-------- Data for processing --------
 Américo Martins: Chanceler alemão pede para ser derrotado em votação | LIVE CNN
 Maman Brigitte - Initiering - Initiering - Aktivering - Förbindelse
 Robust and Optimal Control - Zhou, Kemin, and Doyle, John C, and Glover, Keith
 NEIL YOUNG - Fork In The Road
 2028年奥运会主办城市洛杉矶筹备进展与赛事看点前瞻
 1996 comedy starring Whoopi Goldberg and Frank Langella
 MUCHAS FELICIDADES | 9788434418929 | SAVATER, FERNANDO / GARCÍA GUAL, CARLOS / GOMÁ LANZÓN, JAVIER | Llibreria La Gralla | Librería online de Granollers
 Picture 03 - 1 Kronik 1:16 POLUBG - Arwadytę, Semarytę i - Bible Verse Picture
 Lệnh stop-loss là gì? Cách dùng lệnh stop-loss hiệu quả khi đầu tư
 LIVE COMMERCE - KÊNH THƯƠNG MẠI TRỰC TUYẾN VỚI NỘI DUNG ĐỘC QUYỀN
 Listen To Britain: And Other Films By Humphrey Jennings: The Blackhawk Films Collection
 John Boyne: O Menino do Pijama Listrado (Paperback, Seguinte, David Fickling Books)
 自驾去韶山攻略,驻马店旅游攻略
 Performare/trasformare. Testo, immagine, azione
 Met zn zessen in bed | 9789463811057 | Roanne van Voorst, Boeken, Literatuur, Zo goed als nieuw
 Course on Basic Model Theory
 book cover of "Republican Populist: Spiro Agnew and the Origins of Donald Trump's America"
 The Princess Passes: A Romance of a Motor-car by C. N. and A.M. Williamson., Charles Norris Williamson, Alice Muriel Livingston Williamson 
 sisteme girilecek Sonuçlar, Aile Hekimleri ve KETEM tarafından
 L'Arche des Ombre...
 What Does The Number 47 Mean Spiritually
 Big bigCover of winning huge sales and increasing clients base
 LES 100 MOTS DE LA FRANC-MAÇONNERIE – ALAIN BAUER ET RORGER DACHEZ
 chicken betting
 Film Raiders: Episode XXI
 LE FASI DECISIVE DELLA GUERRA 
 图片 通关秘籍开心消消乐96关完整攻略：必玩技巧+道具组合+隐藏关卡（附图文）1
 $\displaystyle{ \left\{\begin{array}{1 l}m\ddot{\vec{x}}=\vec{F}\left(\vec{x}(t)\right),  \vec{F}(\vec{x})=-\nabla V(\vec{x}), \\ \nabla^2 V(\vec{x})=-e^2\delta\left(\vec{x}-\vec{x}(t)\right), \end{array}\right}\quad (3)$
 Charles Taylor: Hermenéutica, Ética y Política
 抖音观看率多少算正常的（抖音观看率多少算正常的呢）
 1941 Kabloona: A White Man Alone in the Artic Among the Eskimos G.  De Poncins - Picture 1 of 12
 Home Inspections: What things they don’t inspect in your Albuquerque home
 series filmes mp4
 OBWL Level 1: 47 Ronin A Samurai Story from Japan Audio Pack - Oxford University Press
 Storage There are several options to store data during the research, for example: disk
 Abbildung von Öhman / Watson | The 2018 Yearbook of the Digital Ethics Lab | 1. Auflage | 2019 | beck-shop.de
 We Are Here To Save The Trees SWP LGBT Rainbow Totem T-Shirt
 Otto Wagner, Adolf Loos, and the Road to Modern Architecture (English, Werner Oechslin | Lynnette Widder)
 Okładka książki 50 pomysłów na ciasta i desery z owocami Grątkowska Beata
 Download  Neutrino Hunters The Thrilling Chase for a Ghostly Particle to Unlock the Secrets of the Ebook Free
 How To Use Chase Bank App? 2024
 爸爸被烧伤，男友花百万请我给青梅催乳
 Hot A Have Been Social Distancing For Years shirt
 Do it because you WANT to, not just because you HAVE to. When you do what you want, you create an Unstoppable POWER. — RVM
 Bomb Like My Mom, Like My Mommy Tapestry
--------
From the listing above, return the lines starting at the one with "What Does The Number 47 Mean Spiritually" and ending at the one with "Home Inspections: What", both kept, exactly as they appear and nothing more.

 What Does The Number 47 Mean Spiritually
 Big bigCover of winning huge sales and increasing clients base
 LES 100 MOTS DE LA FRANC-MAÇONNERIE – ALAIN BAUER ET RORGER DACHEZ
 chicken betting
 Film Raiders: Episode XXI
 LE FASI DECISIVE DELLA GUERRA 
 图片 通关秘籍开心消消乐96关完整攻略：必玩技巧+道具组合+隐藏关卡（附图文）1
 $\displaystyle{ \left\{\begin{array}{1 l}m\ddot{\vec{x}}=\vec{F}\left(\vec{x}(t)\right),  \vec{F}(\vec{x})=-\nabla V(\vec{x}), \\ \nabla^2 V(\vec{x})=-e^2\delta\left(\vec{x}-\vec{x}(t)\right), \end{array}\right}\quad (3)$
 Charles Taylor: Hermenéutica, Ética y Política
 抖音观看率多少算正常的（抖音观看率多少算正常的呢）
 1941 Kabloona: A White Man Alone in the Artic Among the Eskimos G.  De Poncins - Picture 1 of 12
 Home Inspections: What things they don’t inspect in your Albuquerque home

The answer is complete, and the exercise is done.